▽
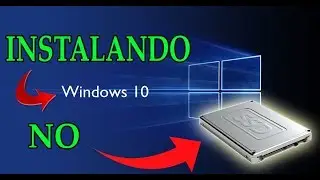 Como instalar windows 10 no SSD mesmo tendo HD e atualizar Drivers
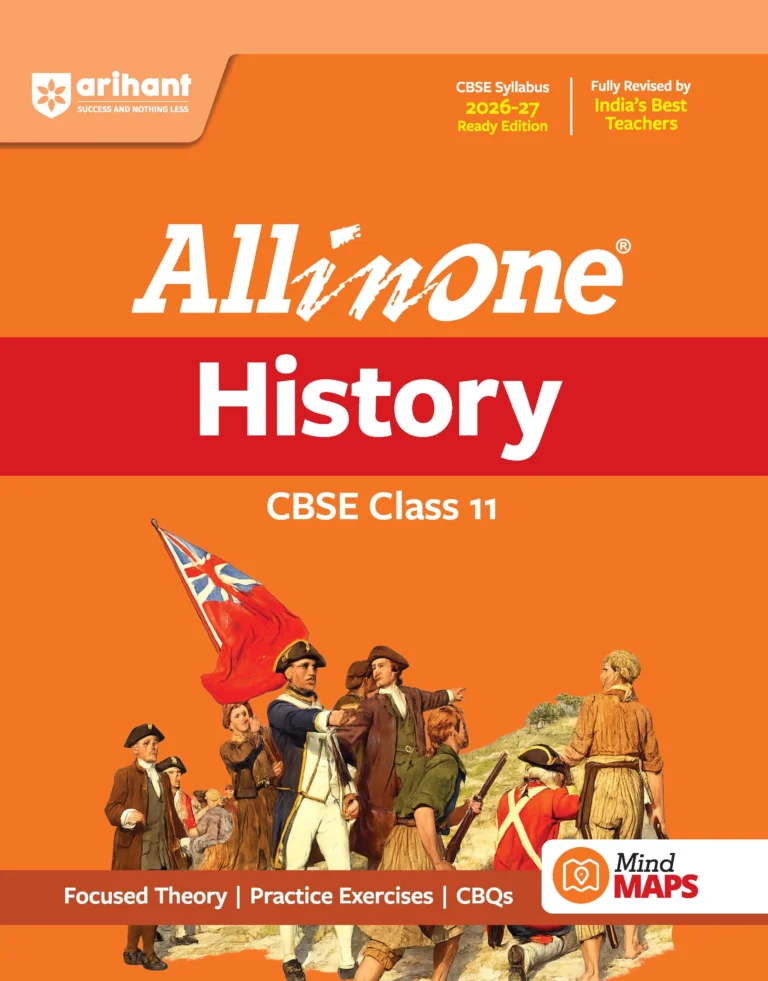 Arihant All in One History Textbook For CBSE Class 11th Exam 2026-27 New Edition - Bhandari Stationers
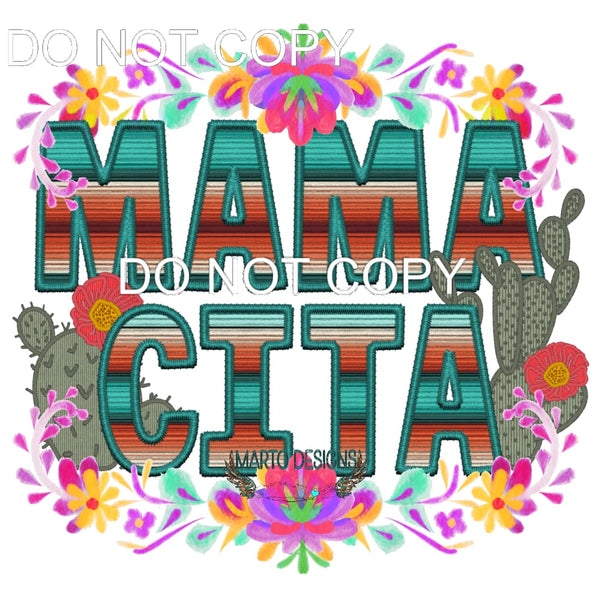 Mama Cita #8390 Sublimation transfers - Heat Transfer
△
▽
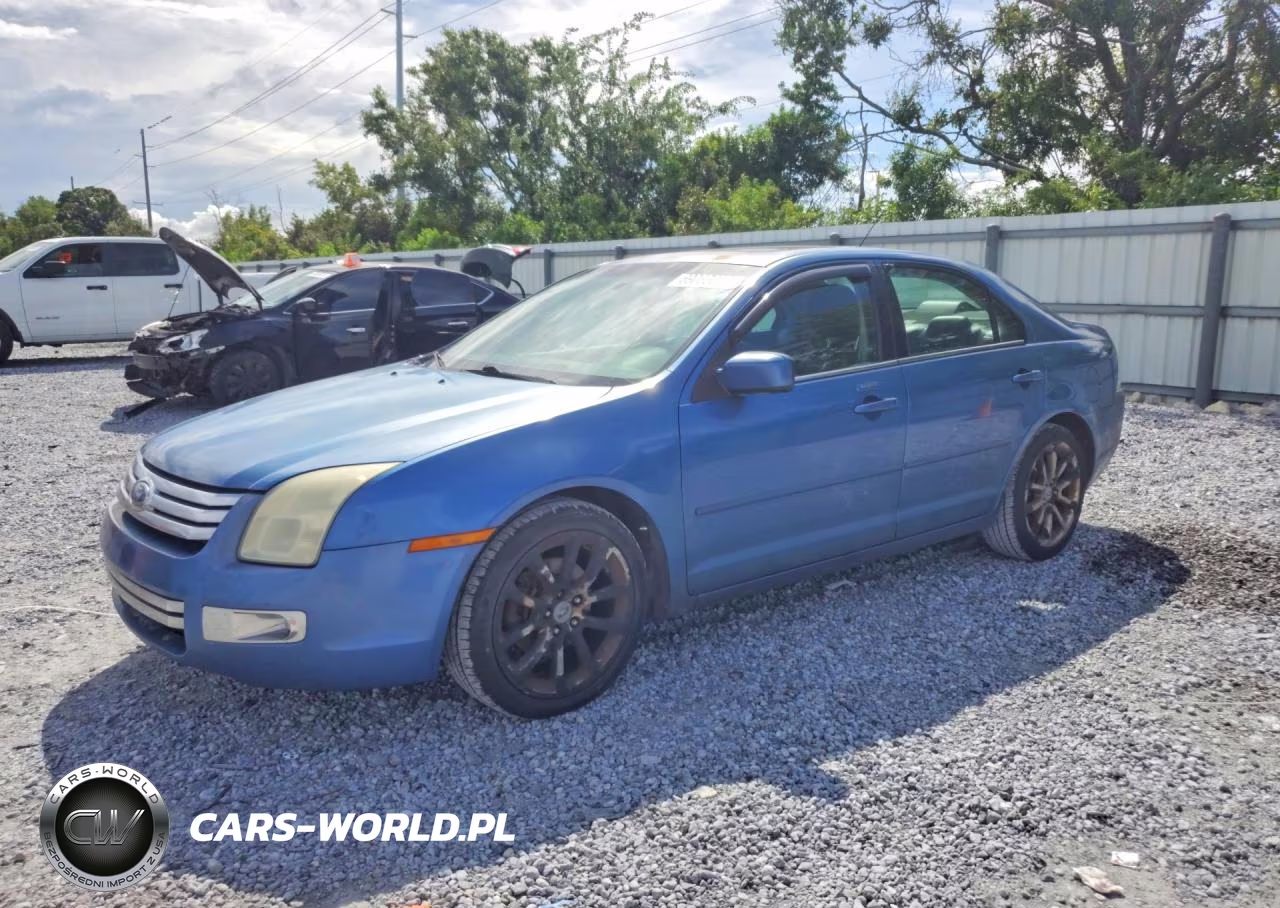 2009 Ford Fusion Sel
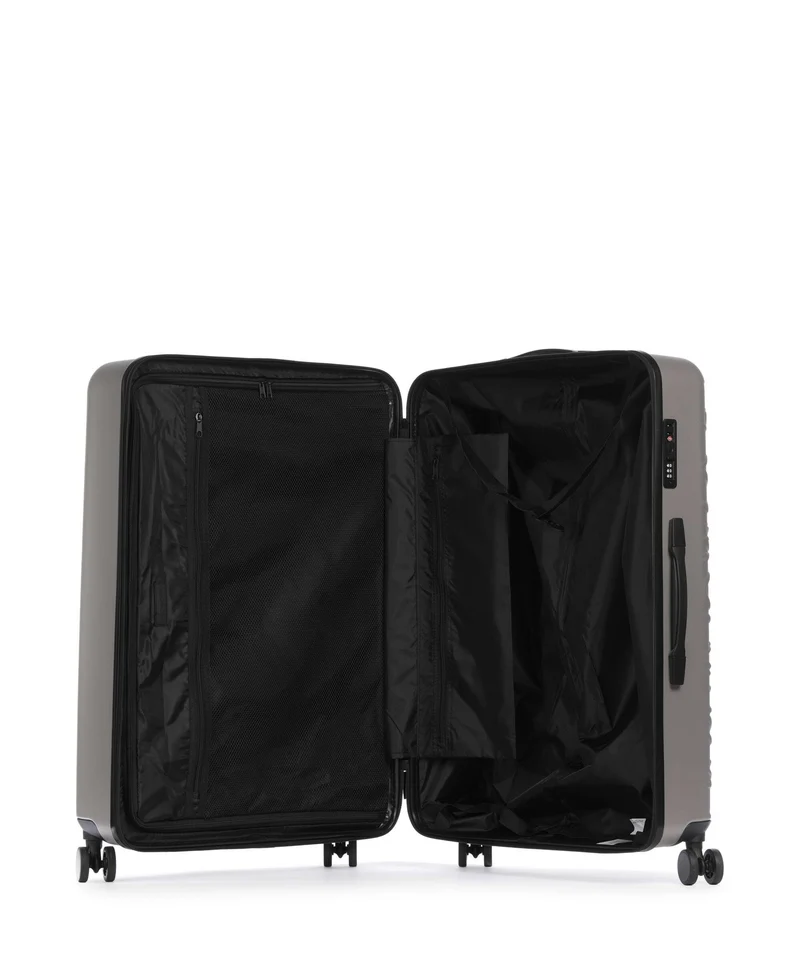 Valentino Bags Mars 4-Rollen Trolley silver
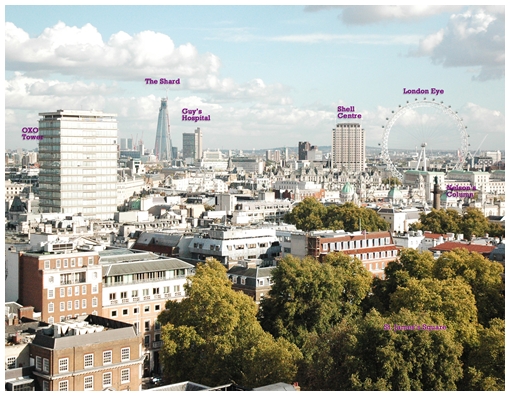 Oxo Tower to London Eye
△
▽
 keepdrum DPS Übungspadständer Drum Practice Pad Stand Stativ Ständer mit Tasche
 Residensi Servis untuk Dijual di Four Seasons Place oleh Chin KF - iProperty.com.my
△
In the data above, find the line containing "Como instalar windows" and the line containing "Mama Cita #8390". Copy exactly the stretch from the first through the second, both included, leaving out any picture.

* Written solution
 Como instalar windows 10 no SSD mesmo tendo HD e atualizar Drivers
 Arihant All in One History Textbook For CBSE Class 11th Exam 2026-27 New Edition - Bhandari Stationers
 Mama Cita #8390 Sublimation transfers - Heat Transfer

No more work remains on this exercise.